- _Activity_
Print exactly the lines from the one that contains "Retro Vintage Wallpapers" through the final line of the entries below, both included, and nothing else; omit the pictures.

Short descriptive text snippets

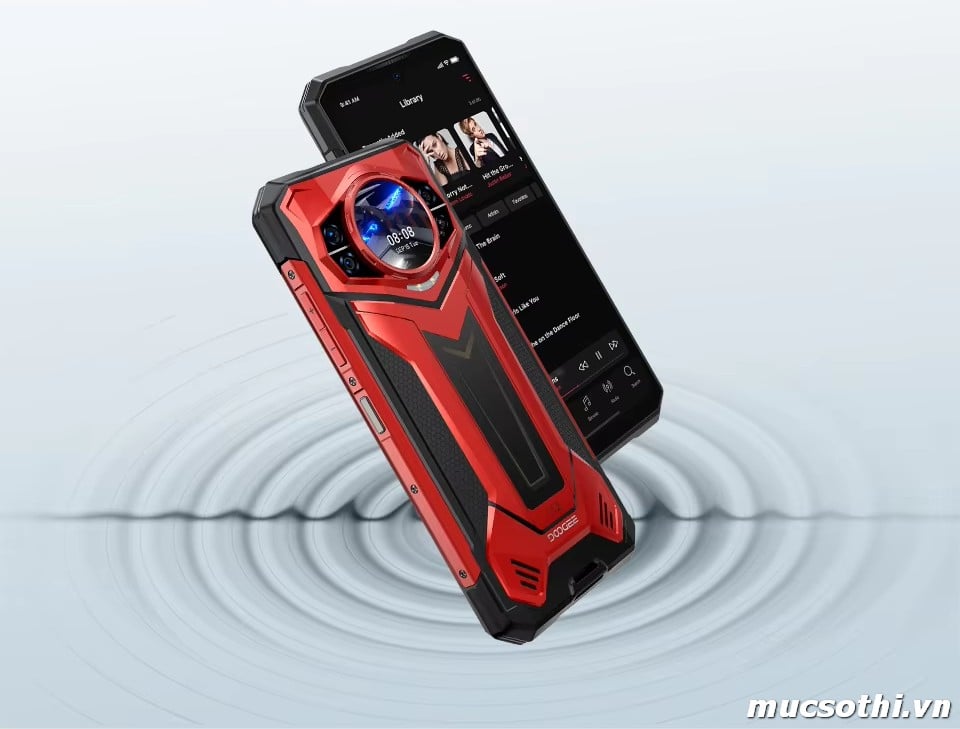 Smartphone Sờ To - Bán lẻ giá sỉ online giá tốt điện thoại Doogee S200Plus 5G chính hãng - 09175.09195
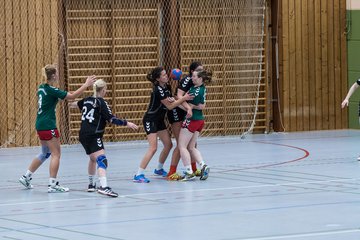 Bild 120 - Damen HSG Kremperheide/M�nsterdorf - Suchsdorfer SV : Ergebnis: 39:22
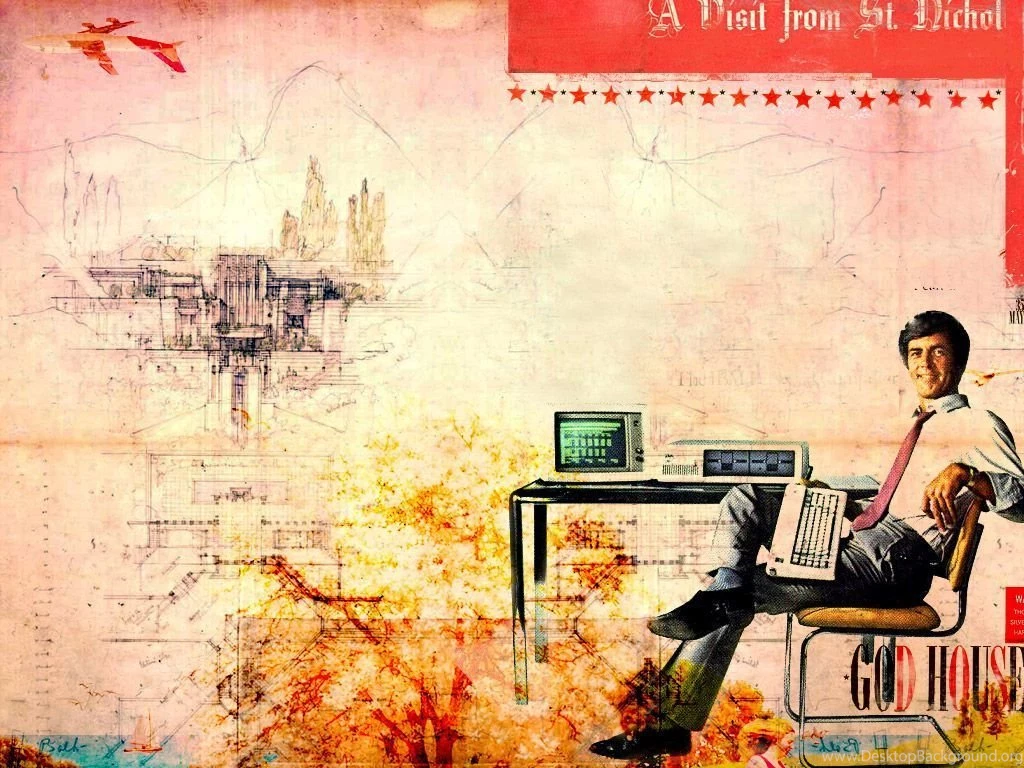 Retro Vintage Wallpapers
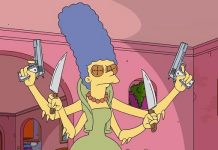 Die Simpsons Treehouse of Horror 2017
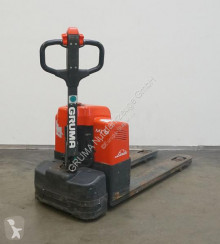 Транспалетна количка Linde MT 15/1133 втора употреба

- _The answer_
 Retro Vintage Wallpapers
 Die Simpsons Treehouse of Horror 2017
 Транспалетна количка Linde MT 15/1133 втора употреба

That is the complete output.